Monthly Archives: February 2017

CNBC: CEOs Shouldn’t Be Afraid to Stand Up to Trump

President Donald Trump‘s actions are sending shock waves through the business community, but will CEOs have the courage to challenge him?

Publicly, most CEOs are declaring how pleased they are with the President’s attention, which has been greater in the past three months from President Trump than it was in eight years under President Obama. Trump is promising them lower corporate taxes, fewer regulations on financial services, health care and energy, and improved infrastructure, while acknowledging business as the driver of economic growth. Every week the President is meeting with CEOs from major industries. Last week it was retailers; before that, airlines and automobiles.

Beneath these rosy promises, Trump’s policies are setting off alarm bells in C-suites. Even before his inauguration, he shook business leaders with a series of tweets attacking such great American stalwarts as Ford, General Motors, Boeing, Lockheed Martin, and United Technologies, criticizing their global manufacturing plans, while threatening them with large tariffs for imported products.

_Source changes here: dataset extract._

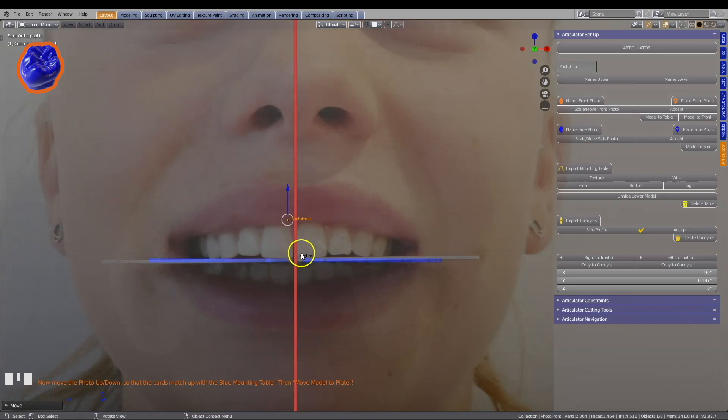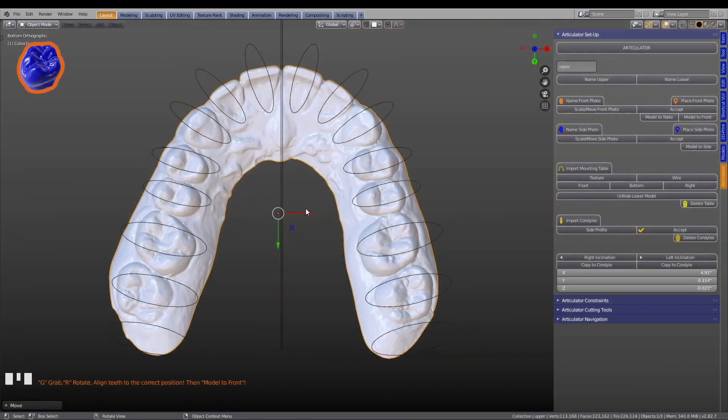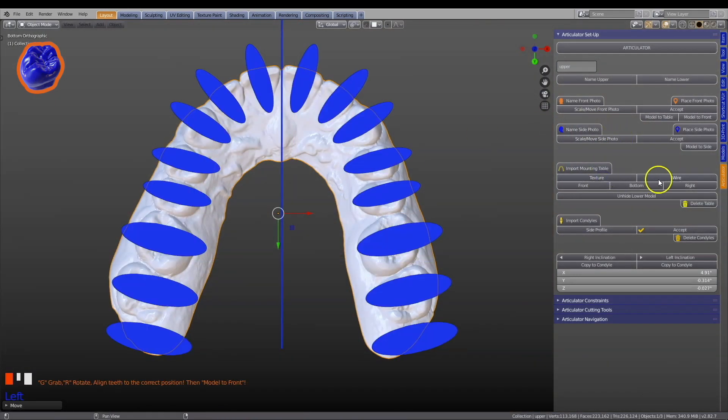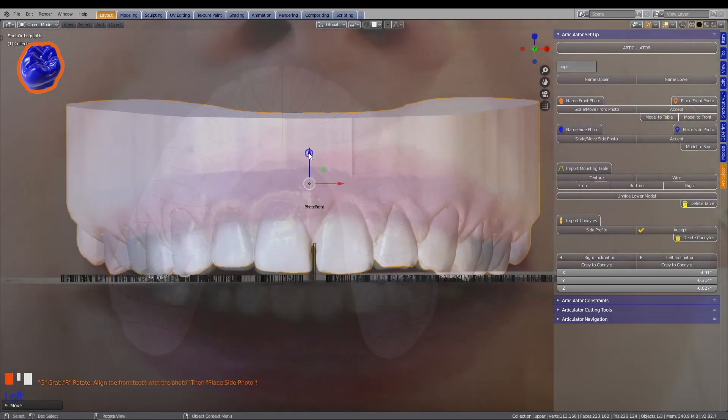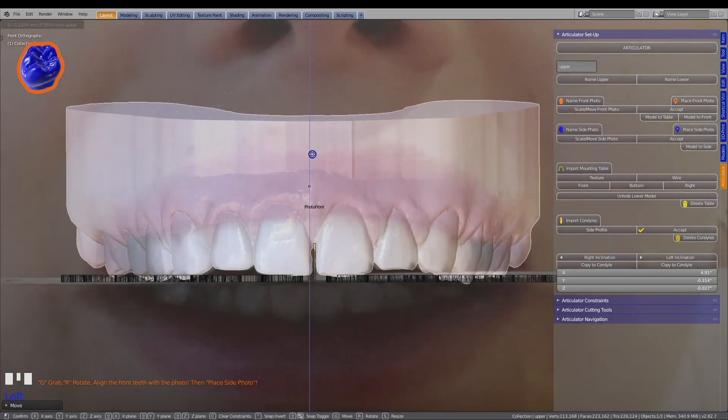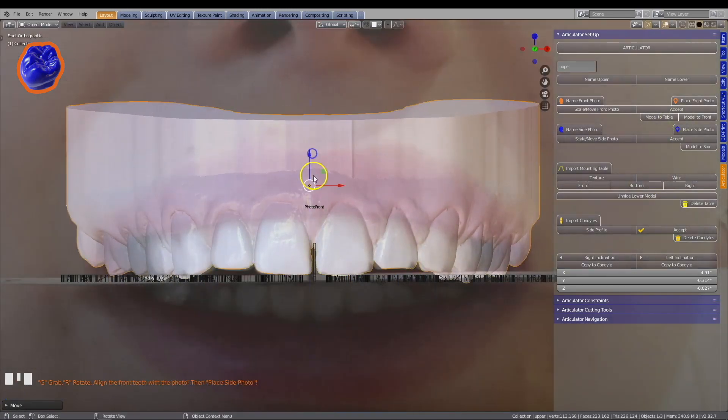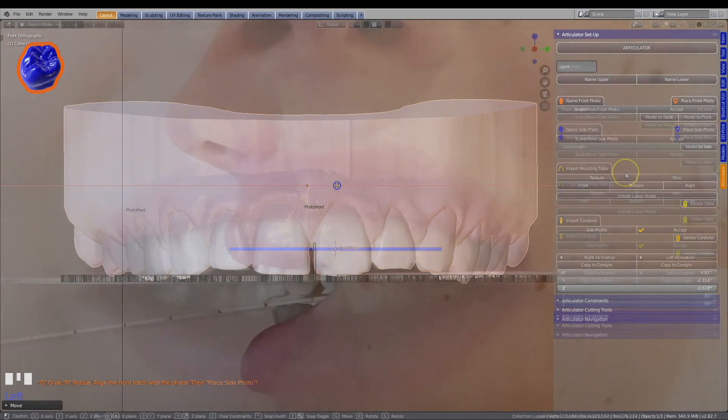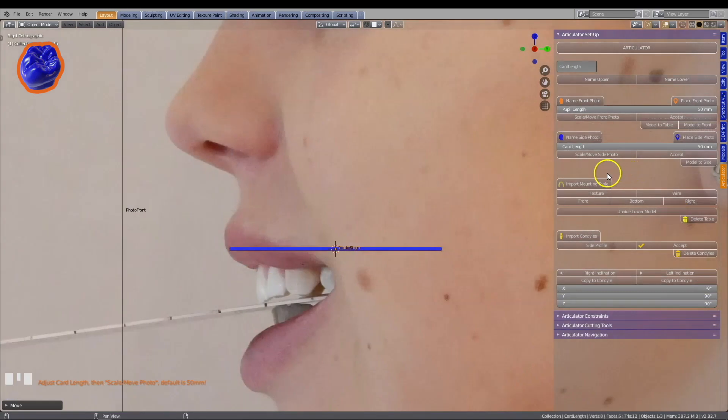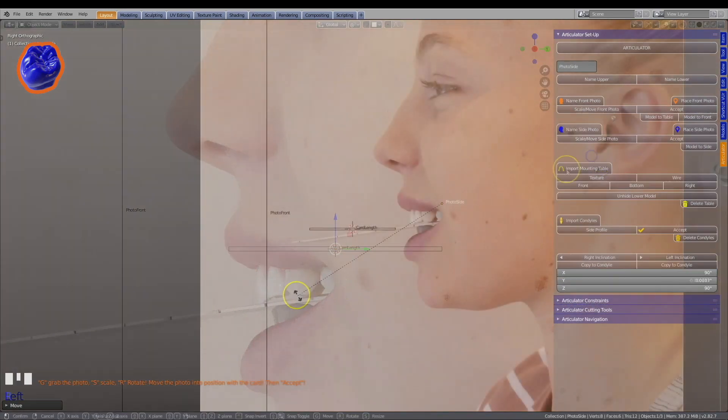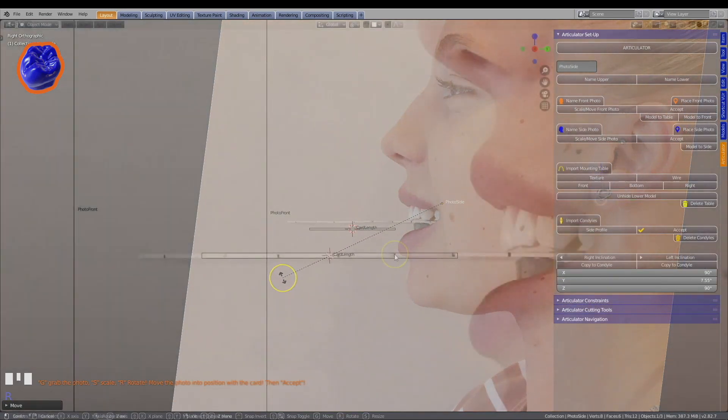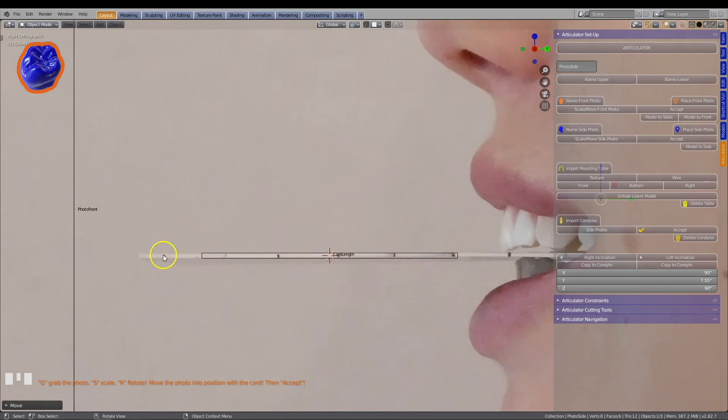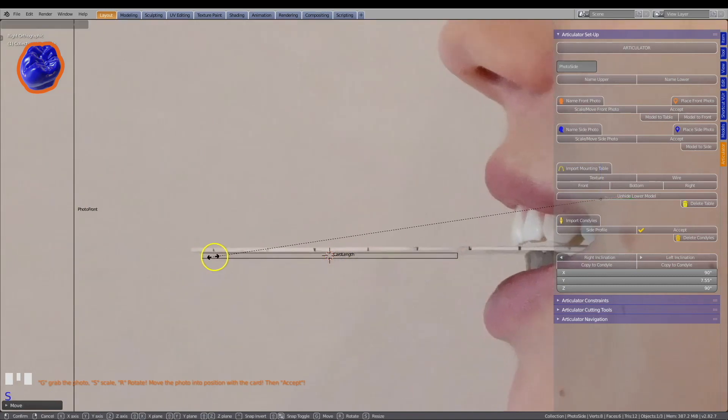By using photos, you can align your patient's teeth into the 3D environment. By using a special card, you can scale the photo into Blender's units of measurement.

Ford and United Technologies’ Carrier division immediately offered compromises to avoid Trump’s wrath. Concerned their companies might be the next recipient of a Trump tweet, the CEOs of Amazon, Fiat/Chrysler, and Sprint rushed to Trump Tower with offers to employ more Americans. In reality, they were just re-announcing previously published expansion plans. CEO Brian Krzanich told the President that Intel was restarting a $7 billion facility in Arizona, which was originally launched in 2011 under President Obama, and then postponed in 2014 due to lack of demand.

In a recent interview with Harvard Business Review, former U.S. treasury secretary Larry Summers called on business leaders to stand up to the Trump administration, asking, “If CEOs who employ hundreds of thousands of people are not in a position to speak truth to power, who is going to do so?” Rather than trying to curry favor with President Trump, business leaders need to advocate for their long-term needs, and challenge him when his actions will harm their long-term futures.

Since his January 20th inauguration, President Trump has signed more than 20 executive actions on issues including jobs, trade, immigration, national security, health care, and financial regulations. Most controversial to date was the 120-day travel ban, a move the State of Washington challenged as unconstitutional. The Washington court temporarily lifted the ban, which the Trump administration challenged in the Court of Appeals.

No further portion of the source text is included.